[Start of section]

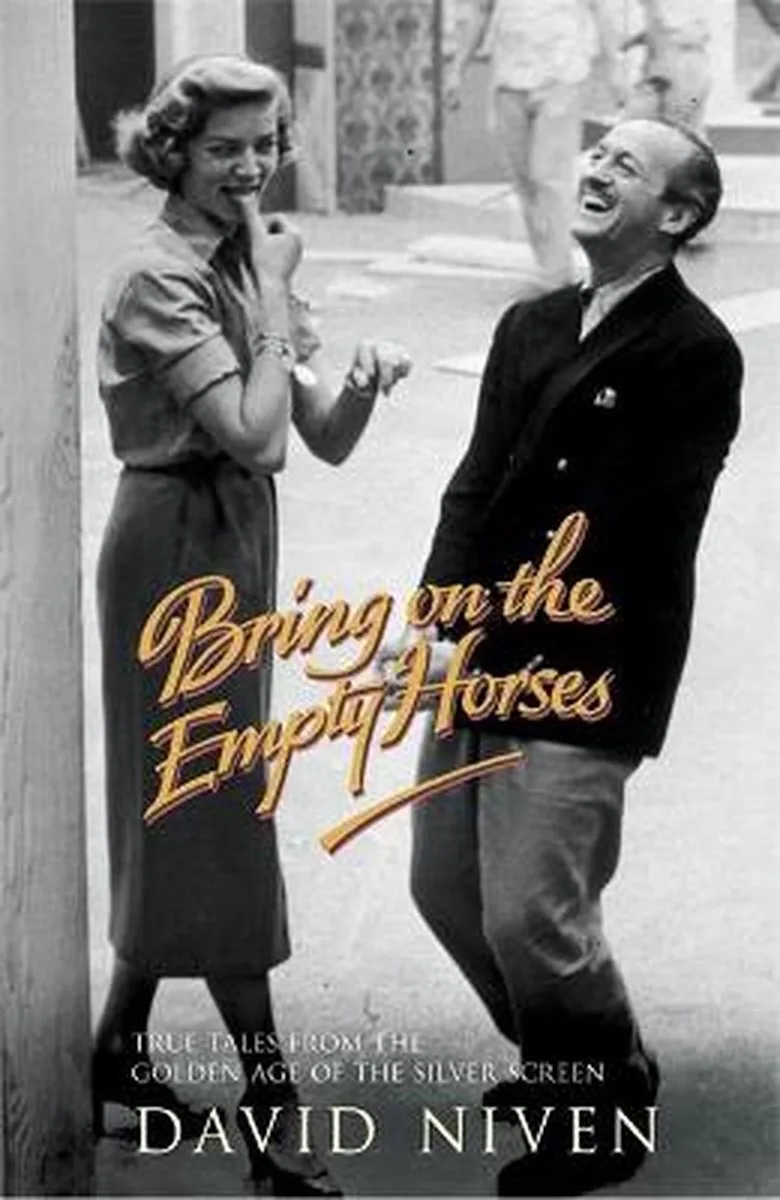 Bring On The Empty Horses von Headline – Buchfoto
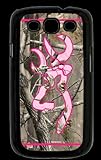 Ships From U S A Country Girl Camo and Pink Buck Samsung Galaxy S3 S Iii Snap-on Case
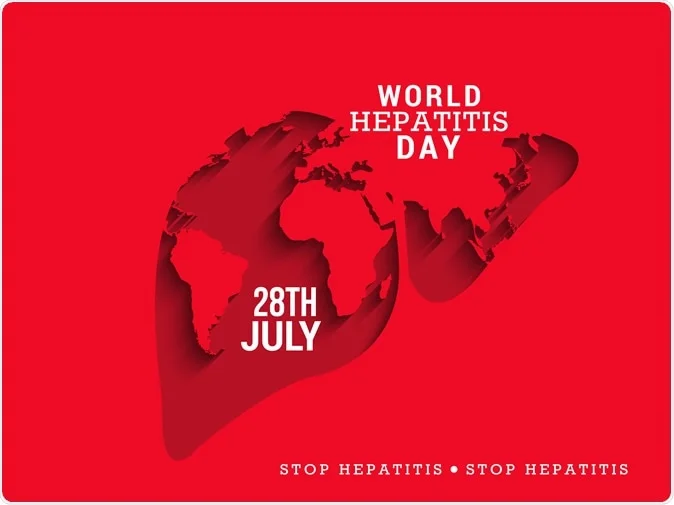 28 July is World Hepatitis Day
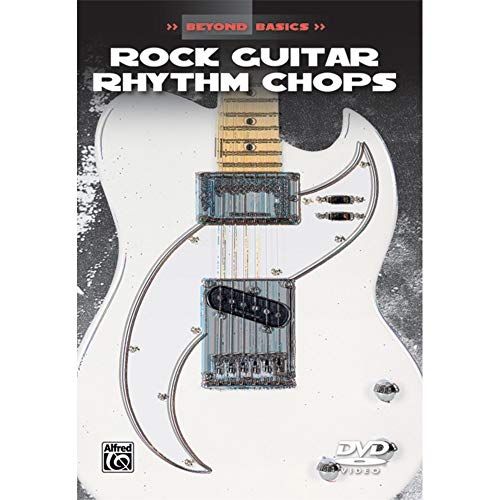 Rock Guitar Rhythm Chops (Beyond Basics) (9780757993794) by Nick Nolan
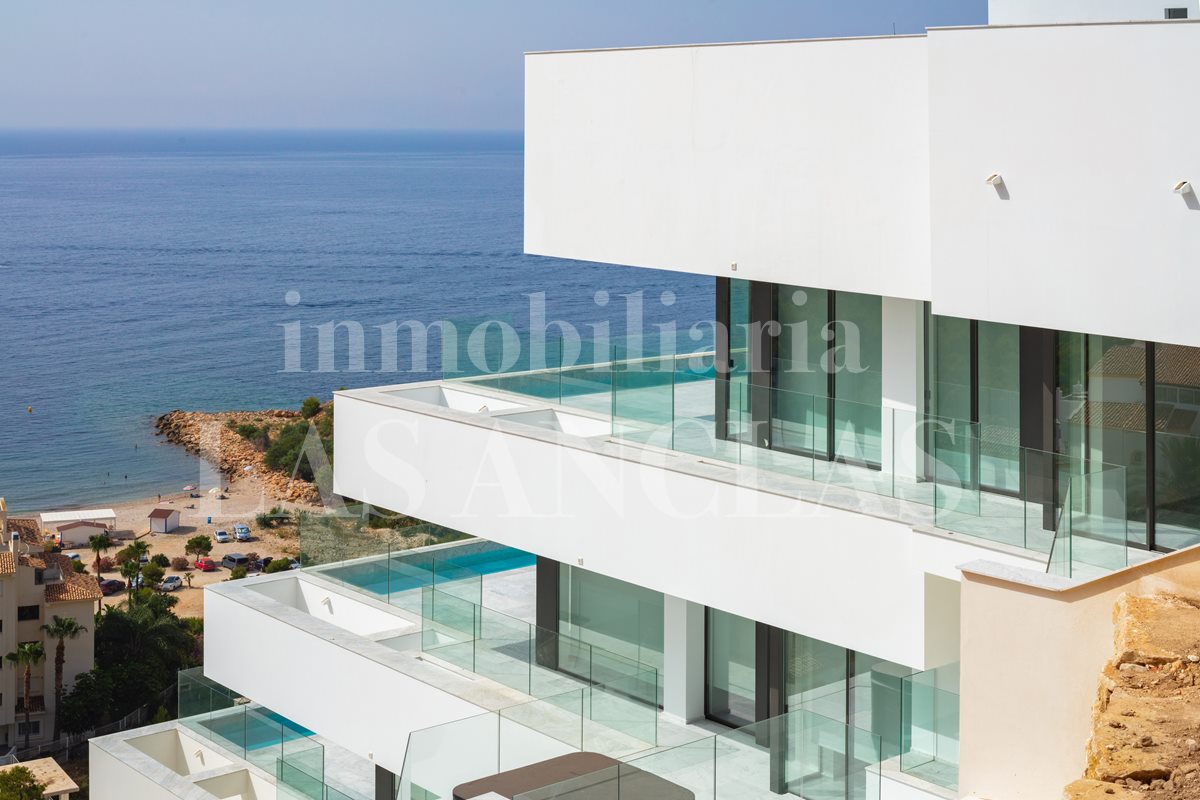 Penthousewohnung an der Costa Blanca  im Verkauf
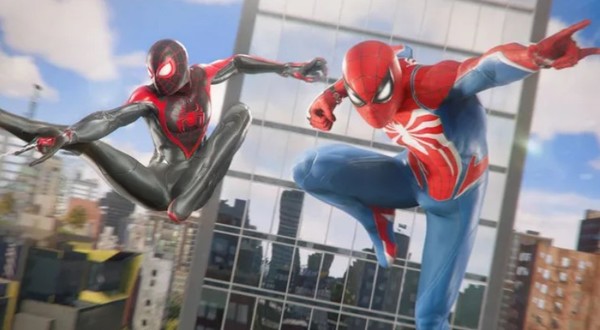 마블스 '스파이더맨2' 게임 (출처=인섬니악 게임)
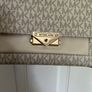 Micheal kors  Cece Medium logo shoulder bag Image 6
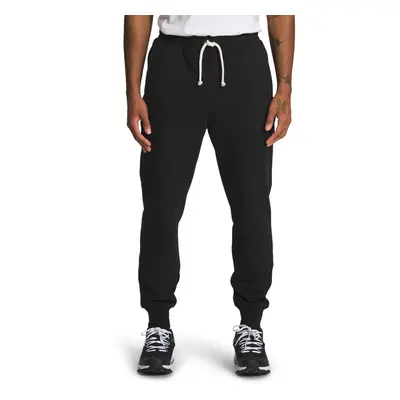 THE NORTH FACE Men's Heritage Patch Joggers Black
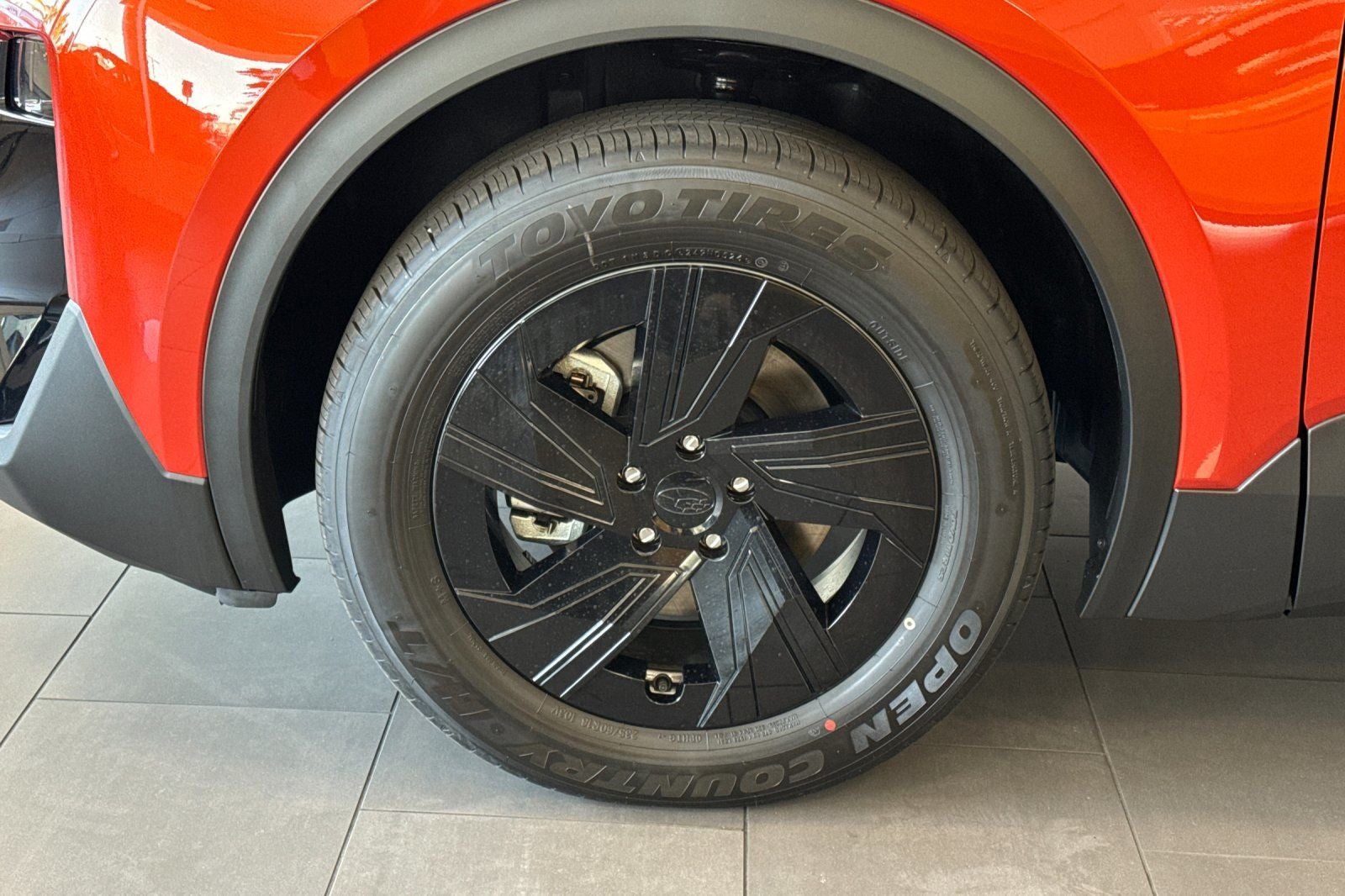 2026 Subaru Uncharted Premium FWD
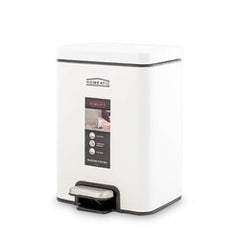 Homeatic Madison Step Bin (White)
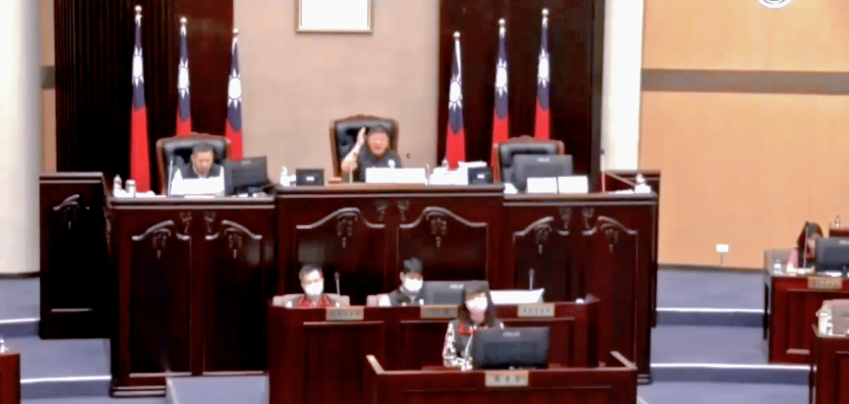 【讀者投書》花蓮縣議會真的是民主自由法治的殿堂嗎？程序會貴在程序 豈可開民主倒車】缩略图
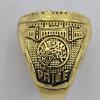 Image 3 : 2000 New York Yankees Jeter World Series Ring- Replica - Size 11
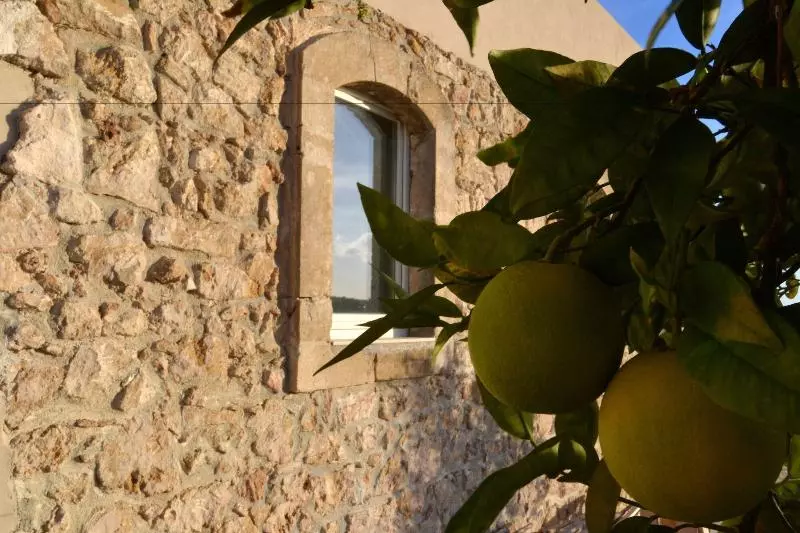 Scilla Maris Charming Suitesrestaurant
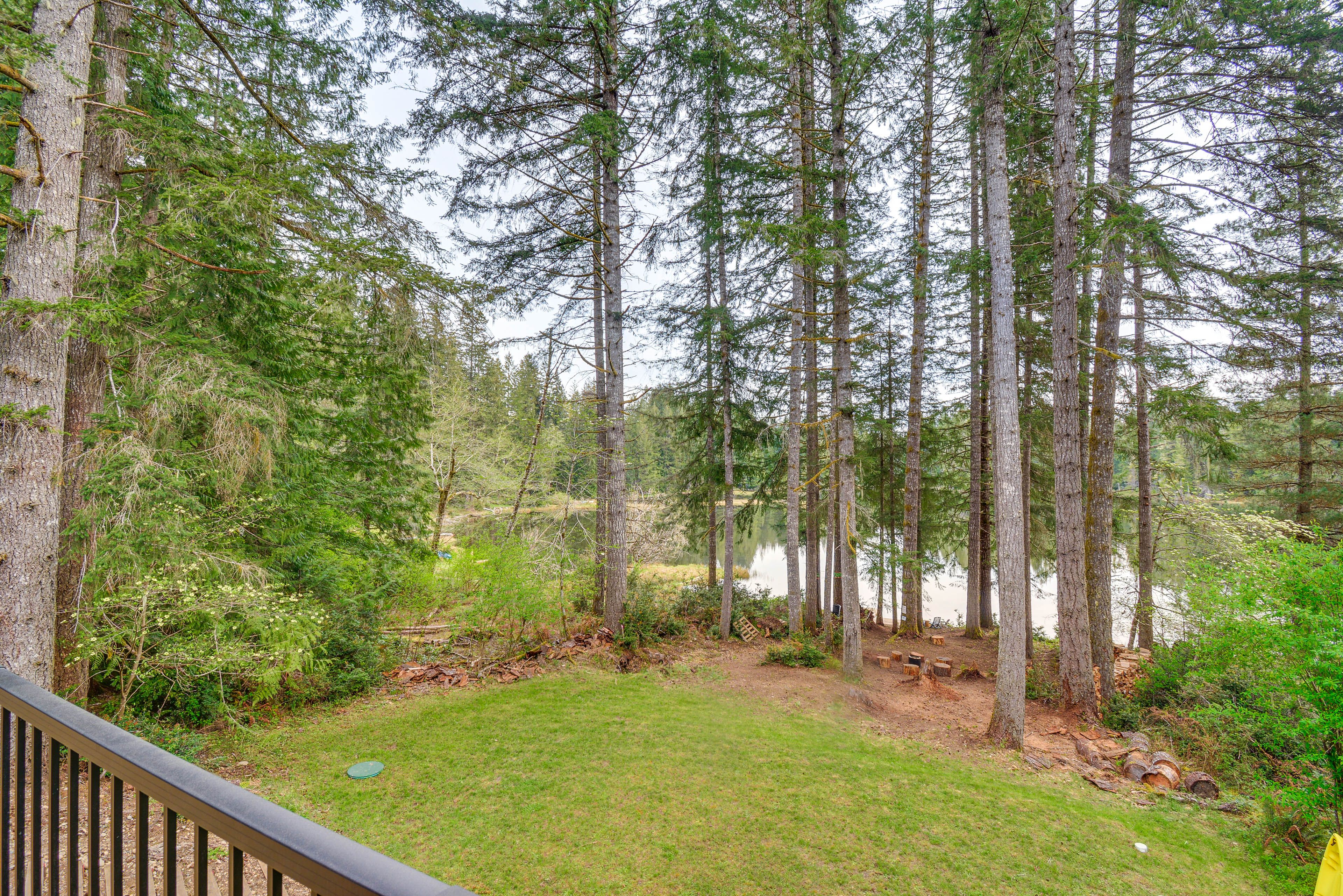 Deck View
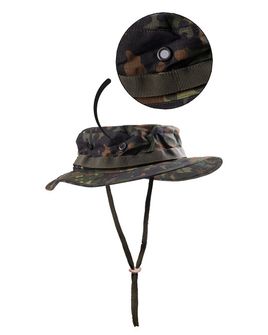 Καπέλο Mil-Tec US τύπου GI rip-stop flecktarn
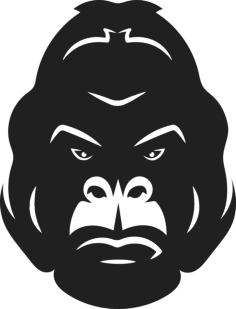 Godzilla 4 Vinyl Cutting Svg File, Free Vectors File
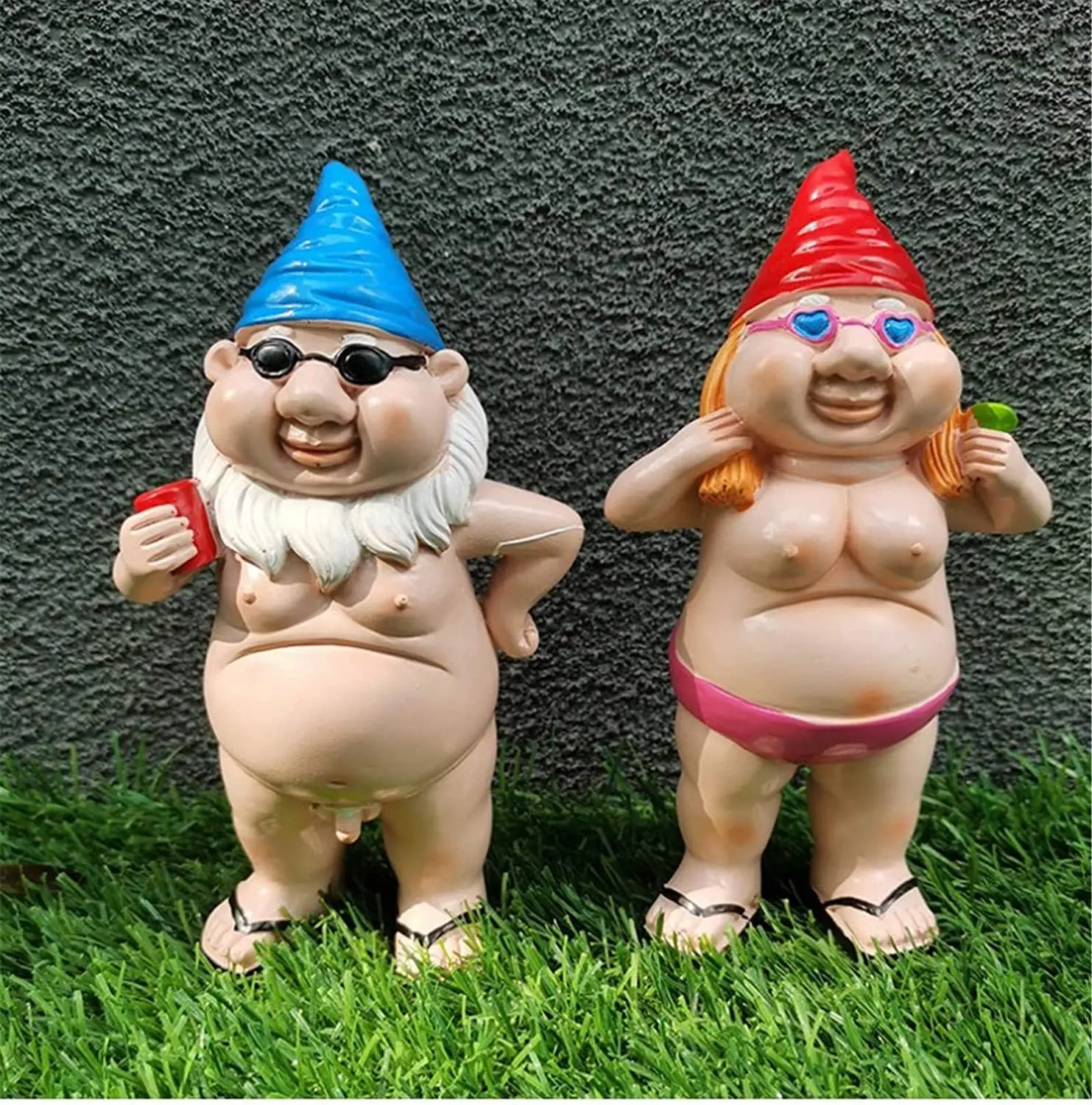 Garden Gnome Porn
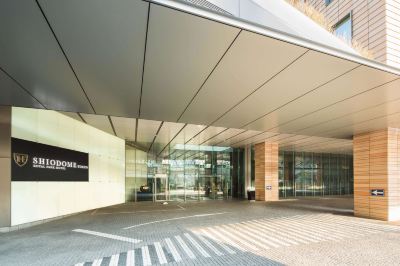 施設外観 ザ ロイヤルパークホテル アイコニック 東京汐留の写真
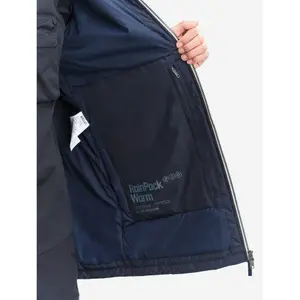 Parka acolchada Aigle MTD Repreve image-5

[End of section]

=== Task directions ===
Each line from the one that contains "Ships From U" through the end of the records should be restated exactly; include both end lines and leave any pictures out.

=== Exercise response ===
 Ships From U S A Country Girl Camo and Pink Buck Samsung Galaxy S3 S Iii Snap-on Case
 28 July is World Hepatitis Day
 Rock Guitar Rhythm Chops (Beyond Basics) (9780757993794) by Nick Nolan
 Penthousewohnung an der Costa Blanca  im Verkauf
 마블스 '스파이더맨2' 게임 (출처=인섬니악 게임)
 Micheal kors  Cece Medium logo shoulder bag Image 6
 THE NORTH FACE Men's Heritage Patch Joggers Black
 2026 Subaru Uncharted Premium FWD
 Homeatic Madison Step Bin (White)
 【讀者投書》花蓮縣議會真的是民主自由法治的殿堂嗎？程序會貴在程序 豈可開民主倒車】缩略图
 Image 3 : 2000 New York Yankees Jeter World Series Ring- Replica - Size 11
 Scilla Maris Charming Suitesrestaurant
 Deck View
 Καπέλο Mil-Tec US τύπου GI rip-stop flecktarn
 Godzilla 4 Vinyl Cutting Svg File, Free Vectors File
 Garden Gnome Porn
 施設外観 ザ ロイヤルパークホテル アイコニック 東京汐留の写真
 Parka acolchada Aigle MTD Repreve image-5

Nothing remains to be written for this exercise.